- [Problem statement]: The listing below should be printed exactly, every line of it. Skip the pictures.

- [Supplied information]:
-- Opening Marker --

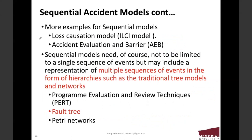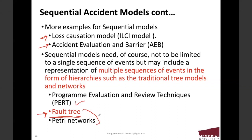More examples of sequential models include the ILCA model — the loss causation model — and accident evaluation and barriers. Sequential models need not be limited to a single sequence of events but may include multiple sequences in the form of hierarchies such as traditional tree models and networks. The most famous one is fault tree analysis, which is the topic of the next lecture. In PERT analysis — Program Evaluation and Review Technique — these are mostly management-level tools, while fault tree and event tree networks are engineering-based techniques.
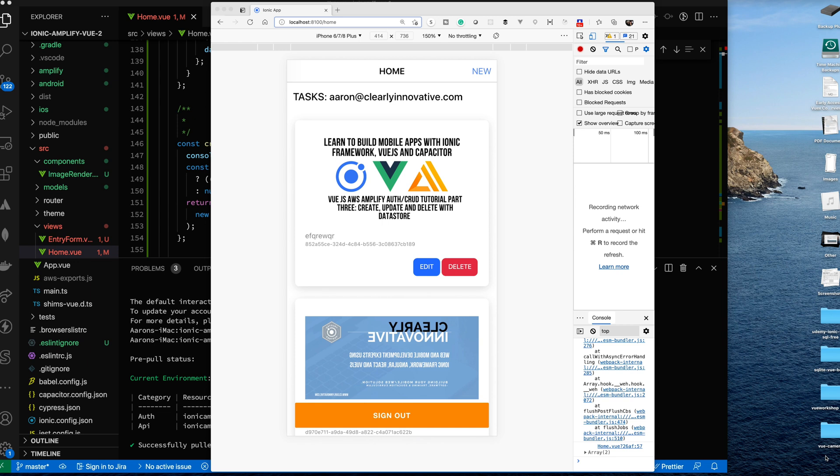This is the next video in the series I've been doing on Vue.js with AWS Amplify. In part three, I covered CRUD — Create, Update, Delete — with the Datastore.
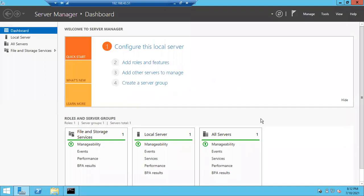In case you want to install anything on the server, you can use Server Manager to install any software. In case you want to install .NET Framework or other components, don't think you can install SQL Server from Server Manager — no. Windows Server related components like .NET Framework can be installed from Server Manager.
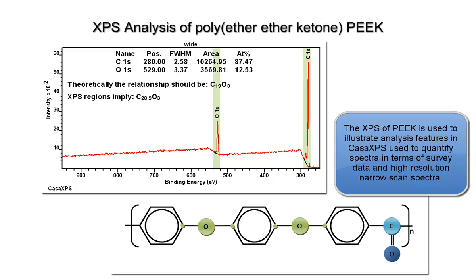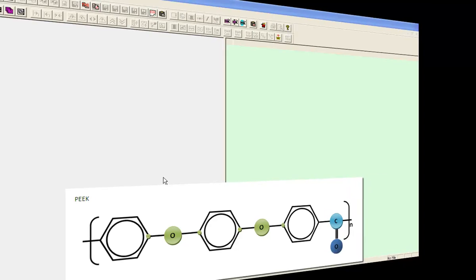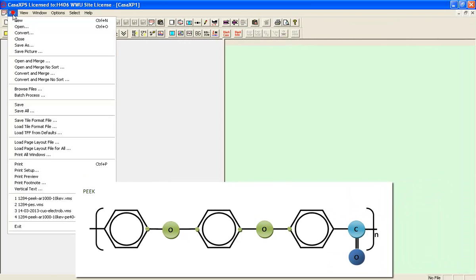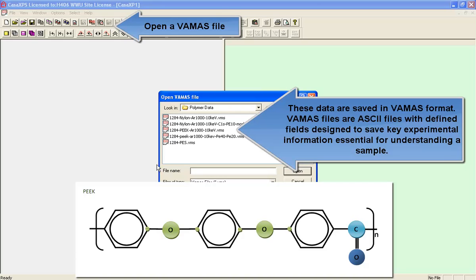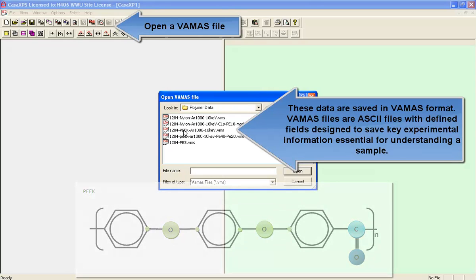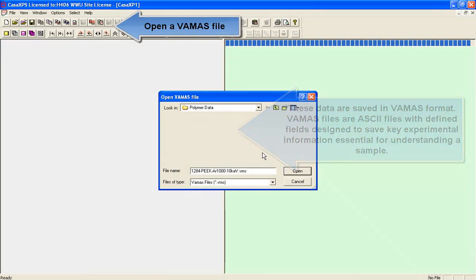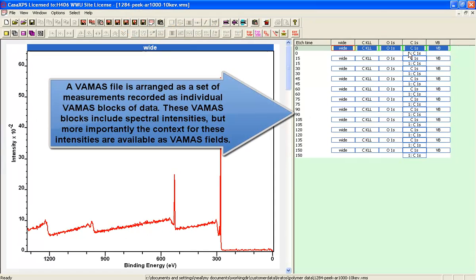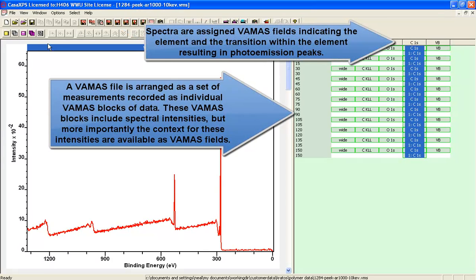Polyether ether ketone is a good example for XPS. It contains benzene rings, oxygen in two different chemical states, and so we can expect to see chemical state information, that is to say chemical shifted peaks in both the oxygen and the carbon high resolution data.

-- Closing Marker --

- [Reply]:
More examples of sequential models include the ILCA model — the loss causation model — and accident evaluation and barriers. Sequential models need not be limited to a single sequence of events but may include multiple sequences in the form of hierarchies such as traditional tree models and networks. The most famous one is fault tree analysis, which is the topic of the next lecture. In PERT analysis — Program Evaluation and Review Technique — these are mostly management-level tools, while fault tree and event tree networks are engineering-based techniques.
This is the next video in the series I've been doing on Vue.js with AWS Amplify. In part three, I covered CRUD — Create, Update, Delete — with the Datastore.
In case you want to install anything on the server, you can use Server Manager to install any software. In case you want to install .NET Framework or other components, don't think you can install SQL Server from Server Manager — no. Windows Server related components like .NET Framework can be installed from Server Manager.
Polyether ether ketone is a good example for XPS. It contains benzene rings, oxygen in two different chemical states, and so we can expect to see chemical state information, that is to say chemical shifted peaks in both the oxygen and the carbon high resolution data.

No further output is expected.